My first impression is that this is the best episode of the Chibnall era. For a couple of reasons, but the thing that sticks out to me is Whittaker’s performance. For once, gone was the gurning, the democracy, the childishness. In its place was a darker, more layered performance. I felt that her desperate exclamation of ‘I will not lose anybody else to them’ was particularly resonant – a casual viewer can infer darkness in her past, a more dedicated one detecting a likely reference to Bill. It’s a simple thing, and perhaps this is just my own preference, but actually referencing the pain of Bill’s Cyber-conversion makes this Doctor feel fuller, better realised, a figure with a dark and weighty past. The utter rejection of the Moffat era – and I note that Chibnall was not credited as a co-writer on this, although admittedly the episode does use the 2013 Cyberman design – has led to this Doctor feeling often disconnected from her past, too much of a blank slate. Having a concrete moment of anguish to reference elevates things dramatically.
There are the usual bugbears, obviously, but it’s getting tedious to repeat them. These things are seemingly baked into this incarnation of the show.

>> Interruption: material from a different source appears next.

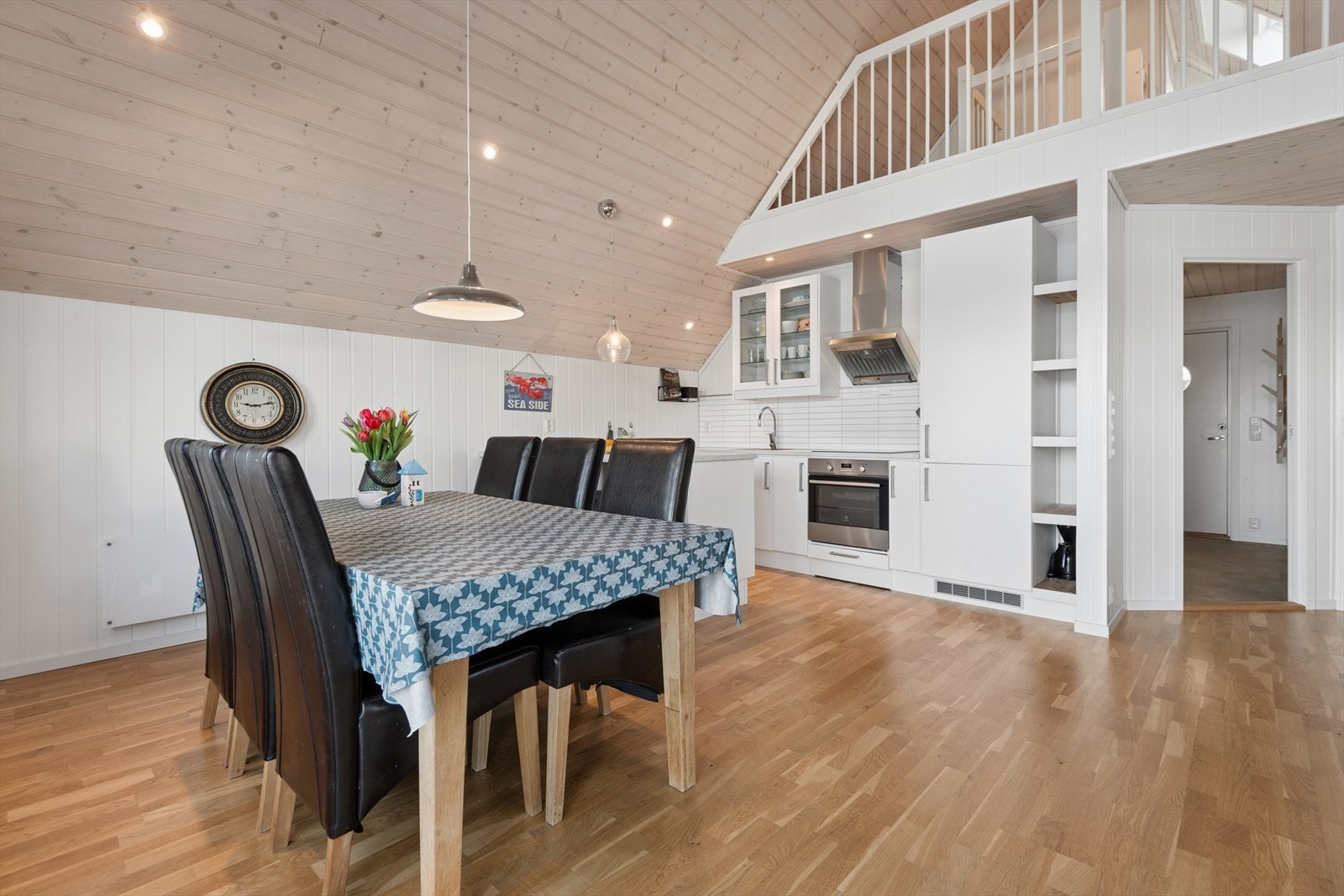 Her kan du samle mange rundt bordet til hyggelige måltider. Galleribilde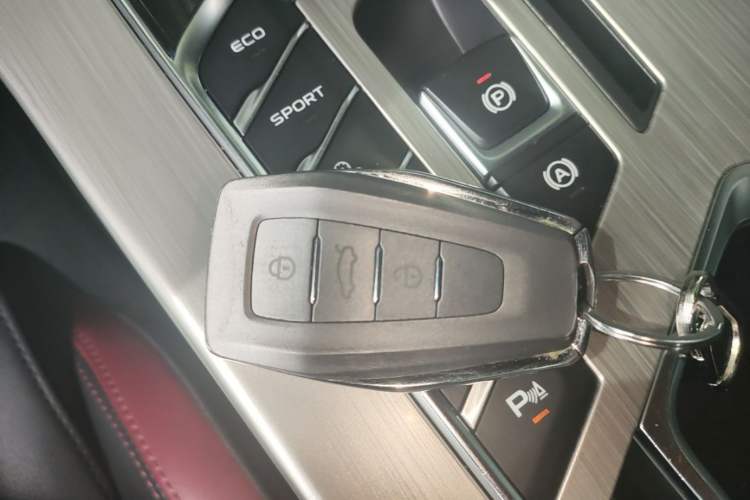 Used Geely Auto Coolray 2019 Sport Model 260T DCT Battle China V Standard Vehicle Key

But I do want to discuss – and, sorry Chris, but I blame you for this – the phrasing around the Cyberman. ‘Beware the Lone Cyberman’, Jack warns. ‘Don’t give it what it wants!’ This phrasing struck me at the time as an attempt to create an exciting bit of hype – it sounds almost Biblical, like a figure out of mythology, but it doesn’t particularly sound like something anyone would actually say, and we’ve established in this episode that he actually has a name! Or remembers it, at least. Which brings us to this episode where, when the Cyberman appears in the villa, the Doctor exclaims ‘That – is a lone Cyberman!’ Perhaps this is a performance issue, but it doesn’t particularly come across like the Doctor is remembering Jack’s warning at this point. It sounds more like the arc words are deliberately being put into her mouth. After all, there could be a whole host of Cybermen just out of shot down the corridor, or hidden under the bunker. It’s illogical to see a single Cyberman and jump to the conclusion that this is the Lone Cyberman.
The concept of a half-finished Cyberman does, to a degree, break the established lore around them, which is even stated in the episode – ‘it drives them insane, so they alter the brain too, switch off all emotions.’ But this is forgivable as it’s a novel twist on the concept. I felt, having said that, that Ashad’s performance was too human, particularly towards the end of the episode – perhaps this was a reflection of his increasing proximity to his goal, but this was not foregrounded in the script. But, generally, it was an effective use of the villain. Often, building up a single antagonist of an alien race can be more threatening than a whole army of them – Dalek being the Ur-example of this.
I fundamentally don’t like that Shelley was inspired by this Cyberman – ‘this modern Prometheus’ – to write Frankenstein. It robs her of her genius. I get the irresistible appeal of linking Frankenstein’s monster to the Cyberman, but it would have been far better, I think, to have wiped her mind, let a vague dream-like recollection of events influence her. She did say the story came to her in a dream, after all. I don’t like that, either – as far as I remember, this is the first historical celebrity to have their ideas inspired by the events of an episode – but it would be more palatable, at least.
The Doctor pushing Shelley’s body into shock by showing him his death is a fantastically dark idea, necessitated by her back being against the wall. I feel more generally that this episode exposed her as the most Doctorish of this era – the flat team structure gone, ridiculed, as she dares her companions to make the call and condemn Shelley to death. They can’t, of course; it’s her who has to make these decisions, reminiscent of Capaldi’s lament that ‘sometimes the only choices you have are bad ones, but you still have to choose’ in Mummy on the Orient Express. We, for once, feel the weight of her history, her Time Lord identity, the darkness that lies underneath the flippancy, and it’s a welcome change.